Seriously, you need to buy a book on carbon fiber wet layup and and make a few practice parts before you attempt it. And even then, you'll need to figure out the mounting hardware for the trailer to the bike and the wheel to the bike, and the tank to the trailer.

Building a carbon fiber assembly (not just a single part like a number plate or a helmet visor) is serious work best left to seasoned vets.


----------



## Frank Tuesday (Jan 12, 2004)

Carbon fibers do only have strength in tension. The structure you see in the bike is not only carbon fibers. It is much like reinforced concrete in which a material that is very strong in tension (rebar and carbon fiber) is surrounded by another material which is relatively strong in compression (concrete and resin). Without the other, neither is sufficient to create an adequate structure. The other thing to remember is that when a member is compressed, there cannot be pure compression stress. The forces will not be uniaxial and this will cause a bending moment in the member. This will force one half of the the member to be in compression and the other half to be in tension. I guess EE and CSE don't include classes in solids, eh.


----------



## ATBScott (Jun 4, 2006)

If I read the OP's original question correctly, the answer may be more along the lines of:
Manufacturers use CF in the seat stays to allow them to tailor the ride of a rigid frame (usually Aluminum) to be more comfortable without losing strength in the structure as would happen if you were to thin the walls and decrease the diameter of the aluminum tubing to get the same compliance. Large diameter aluminum tube frames can be light and rigid, but not very good at dampening shock and vibrations. CF can be easily tuned by layup and shape to absorb some of the impact and vibration in the rear of the bike, yet still retain the lateral rigidity that makes the bike perform well. CF may also lower the weight of the frame, but in a lot of cases I don't think that is the goal as much as ride tuning. Looking cool, etc... is a side benefit.


----------



## JOURNEYC6 (Jun 7, 2008)

for the trailer start with some foam, resin and fiber glass. if you like it, do it with CF.


----------



## rocwandrer (Oct 19, 2008)

Frank Tuesday said:


> Carbon fibers do only have strength in tension. The structure you see in the bike is not only carbon fibers. It is much like reinforced concrete in which a material that is very strong in tension (rebar and carbon fiber) is surrounded by another material which is relatively strong in compression (concrete and resin). Without the other, neither is sufficient to create an adequate structure.

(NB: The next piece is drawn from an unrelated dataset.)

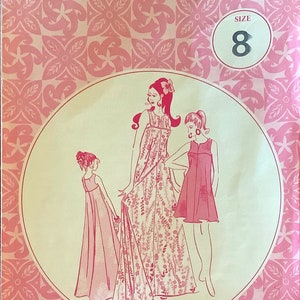 Patterns Pacifica 3012 1970s Muu Muu Tent Dress Pattern in Two Lengths Womens Vintage Sewing Pattern  Size 8 Uncut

Nice internet forum analysis. Plausible, easy to understand, wrong (sorry).

The carbon fiber still does most of the work. It is way more complicated than this, but think of the resin matrix as more of an anti-buckling restraint for a slender column.

The carbon is less strong (in some cases 50% less strong) in compression mostly due to material properties, but as you said, partly also because of the "can't push on a rope" bucking issue.



Frank Tuesday said:


> The other thing to remember is that when a member is compressed, there cannot be pure compression stress. The forces will not be uniaxial and this will cause a bending moment in the member. This will force one half of the the member to be in compression and the other half to be in tension. I guess EE and CSE don't include classes in solids, eh.


That depends on geometry. Usually the tension due to the induced moment on a compression member is exceeded by the compression force, meaning the structure is in imbalanced compression, not bending. That is obviously the case in the seat stays pictured above, for example.


----------